With the implementation of the SNF PPS, compliance with the OBRA '87 requirement for an Initial Admission Assessment by the 14th day and the Medicare SNF PPS requirements for an assessment at days 5 and 14 has been met routinely by performing one assessment to meet both requirements. This has been a fairly seamless combination of requirements, since the SNF PPS requirements, before the implementation of this optional MPAF, called for a full MDS assessment and the Initial Admission Assessment also required the full MDS, as well as additional care planning activities. It will still be possible to use one assessment to comply with both the OBRA '87 clinical rules and the Medicare SNF PPS assessment requirements. The provider will be required to meet the more rigorous standard (comprehensive assessment to comply with the requirement for an initial admission assessment) and may use that assessment to comply with the lesser Medicare requirement.

IV. Implementation

The items on the MPAF are the same as they appear on the full MDS. We have not altered wording, instructions for completion, or numbering in development of the MPAF. For example, MDS item I1m (hip fracture) on the full MDS is also item I1m (hip fracture) on the MPAF, even though on the MPAF this item is followed by I1r (aphasia), rather than I1n (missing limb), which has been removed from this shorter version of the assessment form. Since our intent in providing this revised, shortened version of the MDS is to alleviate burden on providers, we have maintained the ordering and numbering system of the MDS items. We believe that this will minimize confusion for clinical staff who are used to the item numbering as it exists on the full version of the MDS and support ease of use of the revised version.

With the implementation of the MPAF, the burden on SNF providers will also be lessened. Once the MPAF is implemented, we will no longer require a Medicare SNF PPS assessment to be performed using the full MDS. Rather, only the new MPAF will be required. The MPAF will be essentially a RUG-III 1997 Update Quarterly assessment form with items added to allow evaluation of SNF quality of care.

Beginning July 1, 2002, facilities will have the option to (1) submit Medicare SNF PPS records using only the MPAF items, or (2) continue to submit Medicare SNF PPS records using the full MDS. The standard MDS system used by the States will accept either type of record as valid. The standard system will validate and store only the set of MPAF items. Additional items will be ignored by the system. Some providers may wish to continue to send a full MDS assessment to avoid revising MDS data entry software. If that is the case, no submission errors or warnings will result.

When a Medicare SNF PPS assessment would be coupled with a required clinical assessment (for example, a 14-day Medicare SNF PPS assessment combined with an initial admission assessment) we will require the MDS record to include all of the MPAF items plus any additional items required by the clinical assessment, in order to satisfy both sets of assessment requirements.

If any Medicare SNF PPS assessment is combined with a comprehensive assessment (initial assessment, annual assessment, significant change in status assessment, or significant correction of prior full MDS assessment), we will require the record submitted to include all comprehensive assessment items.

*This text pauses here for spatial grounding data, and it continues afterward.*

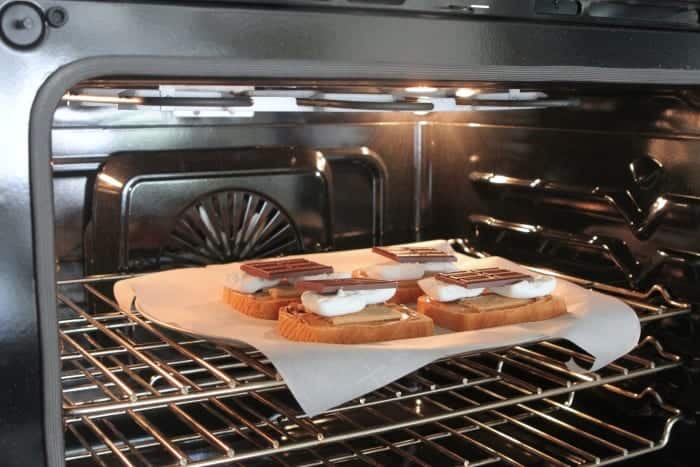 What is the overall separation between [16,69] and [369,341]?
0.53 m

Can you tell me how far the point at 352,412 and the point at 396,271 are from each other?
0.68 feet

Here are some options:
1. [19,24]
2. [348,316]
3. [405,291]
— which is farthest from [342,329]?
[19,24]

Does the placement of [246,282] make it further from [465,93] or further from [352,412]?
[465,93]

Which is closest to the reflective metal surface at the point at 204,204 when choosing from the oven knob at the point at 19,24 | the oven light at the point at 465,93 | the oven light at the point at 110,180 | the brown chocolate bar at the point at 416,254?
the oven light at the point at 110,180

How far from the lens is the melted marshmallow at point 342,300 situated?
39.4 inches

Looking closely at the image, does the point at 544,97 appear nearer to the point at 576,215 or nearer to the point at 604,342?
the point at 576,215

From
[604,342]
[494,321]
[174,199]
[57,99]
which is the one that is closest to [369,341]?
[494,321]

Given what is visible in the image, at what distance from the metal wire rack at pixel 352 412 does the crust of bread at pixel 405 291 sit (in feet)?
0.33

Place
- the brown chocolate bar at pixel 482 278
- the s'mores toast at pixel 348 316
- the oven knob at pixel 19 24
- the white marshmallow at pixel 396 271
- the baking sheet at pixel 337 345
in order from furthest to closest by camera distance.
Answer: the white marshmallow at pixel 396 271 < the brown chocolate bar at pixel 482 278 < the s'mores toast at pixel 348 316 < the baking sheet at pixel 337 345 < the oven knob at pixel 19 24

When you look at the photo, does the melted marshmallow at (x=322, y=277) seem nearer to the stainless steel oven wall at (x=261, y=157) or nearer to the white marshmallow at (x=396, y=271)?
the white marshmallow at (x=396, y=271)

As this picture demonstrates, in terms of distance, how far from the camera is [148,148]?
1.21m

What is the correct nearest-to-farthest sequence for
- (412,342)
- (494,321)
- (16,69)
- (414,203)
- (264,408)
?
(16,69), (412,342), (494,321), (264,408), (414,203)

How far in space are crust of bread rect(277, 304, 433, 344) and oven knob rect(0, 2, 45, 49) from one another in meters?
0.50

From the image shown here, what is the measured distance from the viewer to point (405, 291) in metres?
1.24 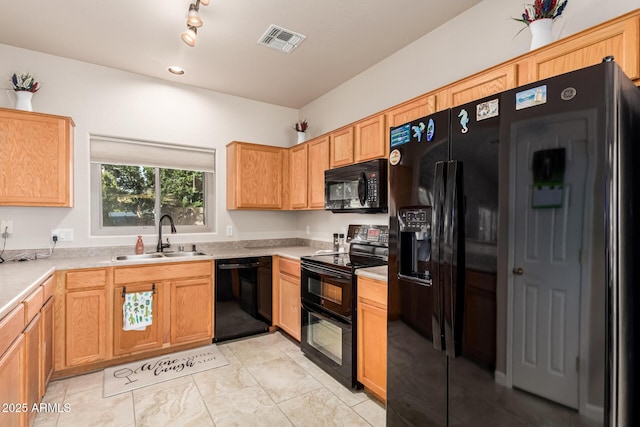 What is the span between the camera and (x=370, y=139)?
2.74 meters

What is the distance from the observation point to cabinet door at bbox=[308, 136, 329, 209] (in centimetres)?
335

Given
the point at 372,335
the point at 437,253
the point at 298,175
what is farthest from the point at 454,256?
the point at 298,175

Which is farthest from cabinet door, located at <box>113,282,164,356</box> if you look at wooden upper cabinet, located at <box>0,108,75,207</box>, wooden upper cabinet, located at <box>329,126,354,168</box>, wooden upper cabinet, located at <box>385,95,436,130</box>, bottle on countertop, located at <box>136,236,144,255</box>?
wooden upper cabinet, located at <box>385,95,436,130</box>

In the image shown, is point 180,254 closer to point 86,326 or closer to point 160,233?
point 160,233

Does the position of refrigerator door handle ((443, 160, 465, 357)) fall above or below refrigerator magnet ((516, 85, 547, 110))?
below

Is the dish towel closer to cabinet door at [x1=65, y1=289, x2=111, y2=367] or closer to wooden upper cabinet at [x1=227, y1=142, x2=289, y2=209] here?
cabinet door at [x1=65, y1=289, x2=111, y2=367]

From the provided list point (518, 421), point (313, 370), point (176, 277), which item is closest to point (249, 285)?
point (176, 277)

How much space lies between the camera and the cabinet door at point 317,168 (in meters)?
3.35

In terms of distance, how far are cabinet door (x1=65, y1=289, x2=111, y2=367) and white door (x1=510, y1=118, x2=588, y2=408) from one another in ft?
9.96

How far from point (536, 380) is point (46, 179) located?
3.67 meters

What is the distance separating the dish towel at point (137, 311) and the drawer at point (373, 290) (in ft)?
6.43

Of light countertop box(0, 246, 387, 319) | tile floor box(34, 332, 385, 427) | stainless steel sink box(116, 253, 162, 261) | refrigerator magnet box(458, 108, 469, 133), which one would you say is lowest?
tile floor box(34, 332, 385, 427)

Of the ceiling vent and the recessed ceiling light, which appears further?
the recessed ceiling light

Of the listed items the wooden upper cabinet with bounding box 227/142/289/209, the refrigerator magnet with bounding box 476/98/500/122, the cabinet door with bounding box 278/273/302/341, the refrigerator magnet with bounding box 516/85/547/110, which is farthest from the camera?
the wooden upper cabinet with bounding box 227/142/289/209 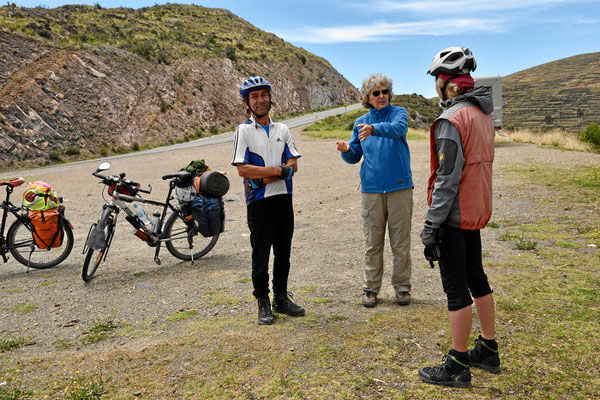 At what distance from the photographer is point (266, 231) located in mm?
4047

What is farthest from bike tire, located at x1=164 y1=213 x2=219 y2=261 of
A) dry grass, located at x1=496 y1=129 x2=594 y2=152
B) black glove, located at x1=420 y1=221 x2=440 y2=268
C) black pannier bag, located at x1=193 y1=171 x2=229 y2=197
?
dry grass, located at x1=496 y1=129 x2=594 y2=152

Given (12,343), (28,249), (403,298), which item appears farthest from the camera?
(28,249)

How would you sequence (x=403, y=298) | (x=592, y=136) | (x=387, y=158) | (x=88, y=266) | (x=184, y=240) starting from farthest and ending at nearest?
(x=592, y=136), (x=184, y=240), (x=88, y=266), (x=403, y=298), (x=387, y=158)

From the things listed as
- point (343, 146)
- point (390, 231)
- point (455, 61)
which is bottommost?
point (390, 231)

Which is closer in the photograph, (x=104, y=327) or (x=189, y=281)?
(x=104, y=327)

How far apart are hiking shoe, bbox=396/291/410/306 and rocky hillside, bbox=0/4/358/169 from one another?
24.7 m

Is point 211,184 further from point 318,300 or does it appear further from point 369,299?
point 369,299

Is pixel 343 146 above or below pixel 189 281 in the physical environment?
above

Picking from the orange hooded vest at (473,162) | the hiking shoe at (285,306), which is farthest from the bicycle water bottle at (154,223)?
the orange hooded vest at (473,162)

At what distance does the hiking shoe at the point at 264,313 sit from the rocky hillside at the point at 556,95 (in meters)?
77.4

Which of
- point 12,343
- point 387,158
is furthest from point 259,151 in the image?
point 12,343

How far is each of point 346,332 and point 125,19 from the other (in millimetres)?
54530

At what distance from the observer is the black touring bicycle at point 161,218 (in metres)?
5.94

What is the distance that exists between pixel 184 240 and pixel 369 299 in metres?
3.42
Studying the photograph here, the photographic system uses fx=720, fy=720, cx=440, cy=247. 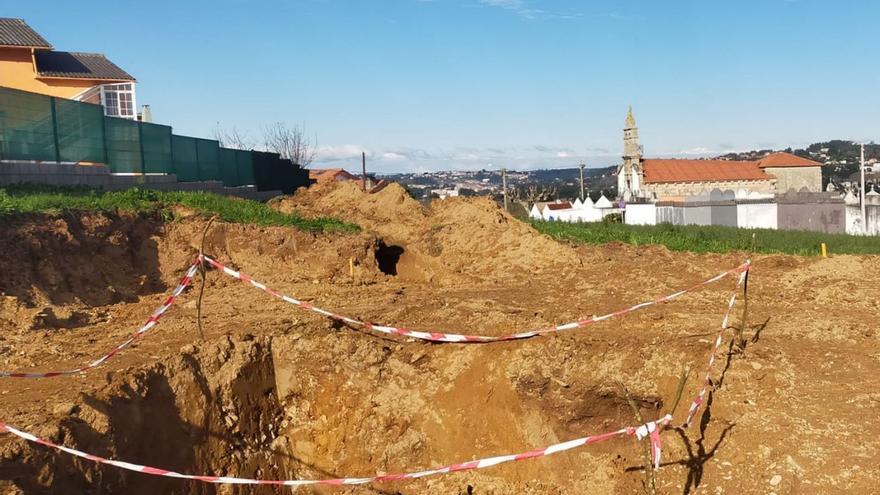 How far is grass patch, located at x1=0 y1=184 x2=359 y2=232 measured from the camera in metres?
11.1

When a Medicare SNF PPS assessment is coupled with a quarterly assessment or a significant correction of a prior quarterly assessment, we will require the record submitted to include all MPAF items and any additional items required on the State's quarterly assessment. In States using our standard minimum quarterly or standard RUG-III quarterly assessment, the MPAF items will include all items on the quarterly assessments, and only the MPAF will be required. In States that require additional quarterly items, not included on the MPAF, those additional items will be required to be included on a combined Medicare SNF PPS and quarterly assessment record. For example, in the 7 States that require a full MDS assessment as the quarterly assessment, a record combining a Medicare SNF PPS assessment and a quarterly assessment will have to include all of the full MDS items.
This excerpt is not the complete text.